Ici vous pouvez spoiler !
Paul Thomas Anderson n’a jamais été un cinéaste consensuel. Avec One Battle After Another, il s’aventure sur un terrain où il est certain de déplaire aux deux camps de l’Amérique contemporaine. La sphère MAGA y verra une nouvelle caricature de l’homme blanc, incarnée par Sean Penn en colonel pathétique et violent, mais aussi par Leonardo DiCaprio en excentrique révolutionnaire fumant de la marijuana à longueur de journée, davantage séduit par une femme que par une idéologie.

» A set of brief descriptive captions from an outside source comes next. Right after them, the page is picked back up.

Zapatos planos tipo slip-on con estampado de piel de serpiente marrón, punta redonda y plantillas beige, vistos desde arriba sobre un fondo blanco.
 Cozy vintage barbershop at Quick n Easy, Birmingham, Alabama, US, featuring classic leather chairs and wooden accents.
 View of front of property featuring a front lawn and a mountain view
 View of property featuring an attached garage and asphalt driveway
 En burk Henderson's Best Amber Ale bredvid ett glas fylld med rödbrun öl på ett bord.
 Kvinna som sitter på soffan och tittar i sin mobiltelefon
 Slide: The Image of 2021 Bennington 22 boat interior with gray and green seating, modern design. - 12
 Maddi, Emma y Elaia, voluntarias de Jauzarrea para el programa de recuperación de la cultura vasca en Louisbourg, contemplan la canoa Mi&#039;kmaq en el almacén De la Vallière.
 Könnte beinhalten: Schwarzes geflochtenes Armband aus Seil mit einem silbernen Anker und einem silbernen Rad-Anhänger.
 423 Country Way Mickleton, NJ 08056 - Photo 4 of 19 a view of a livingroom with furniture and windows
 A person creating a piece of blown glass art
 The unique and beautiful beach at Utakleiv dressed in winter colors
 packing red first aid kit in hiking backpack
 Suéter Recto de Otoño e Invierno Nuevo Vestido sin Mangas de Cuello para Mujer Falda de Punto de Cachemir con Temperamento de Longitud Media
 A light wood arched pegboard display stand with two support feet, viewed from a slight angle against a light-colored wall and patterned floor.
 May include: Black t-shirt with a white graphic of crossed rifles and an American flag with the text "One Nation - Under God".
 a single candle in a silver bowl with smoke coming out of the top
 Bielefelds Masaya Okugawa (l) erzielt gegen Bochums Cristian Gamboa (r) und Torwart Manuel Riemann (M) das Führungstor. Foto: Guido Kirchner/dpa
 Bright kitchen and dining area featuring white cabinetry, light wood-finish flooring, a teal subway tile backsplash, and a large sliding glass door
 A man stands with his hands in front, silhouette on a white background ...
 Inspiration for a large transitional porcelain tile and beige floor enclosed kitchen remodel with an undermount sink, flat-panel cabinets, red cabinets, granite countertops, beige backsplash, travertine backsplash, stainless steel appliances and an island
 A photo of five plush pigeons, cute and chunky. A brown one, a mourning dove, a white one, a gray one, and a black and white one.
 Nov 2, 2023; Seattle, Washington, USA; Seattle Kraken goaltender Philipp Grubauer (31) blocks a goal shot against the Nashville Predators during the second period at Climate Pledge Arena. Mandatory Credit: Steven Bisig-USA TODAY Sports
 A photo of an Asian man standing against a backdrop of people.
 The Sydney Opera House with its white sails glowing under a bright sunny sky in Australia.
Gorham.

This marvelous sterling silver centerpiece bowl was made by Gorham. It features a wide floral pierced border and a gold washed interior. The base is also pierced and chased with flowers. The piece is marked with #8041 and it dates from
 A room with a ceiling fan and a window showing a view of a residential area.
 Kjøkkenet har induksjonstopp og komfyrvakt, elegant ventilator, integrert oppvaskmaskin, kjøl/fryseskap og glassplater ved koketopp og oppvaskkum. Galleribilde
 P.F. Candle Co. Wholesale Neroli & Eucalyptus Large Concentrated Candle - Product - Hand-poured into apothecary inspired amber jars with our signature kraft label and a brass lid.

À l’inverse, une partie de la gauche progressiste s’offusquera de voir la figure féminine centrale (incarnée par Teyana Taylor) réduite à une hypersexualisation permanente, et affublée d’un parcours moralement condamnable : elle trahit les siens, abandonne son enfant, et va jusqu’à tuer. Si Anderson façonne des protagonistes à la frontière de la caricature, c’est sans doute pour signifier qu’aucun camp n’est à sanctifier.
L’enjeu du film ne réside de toute façon pas tant dans l’affrontement entre deux camps que dans une fable consacrée à la filiation. Et un père peut en cacher un autre.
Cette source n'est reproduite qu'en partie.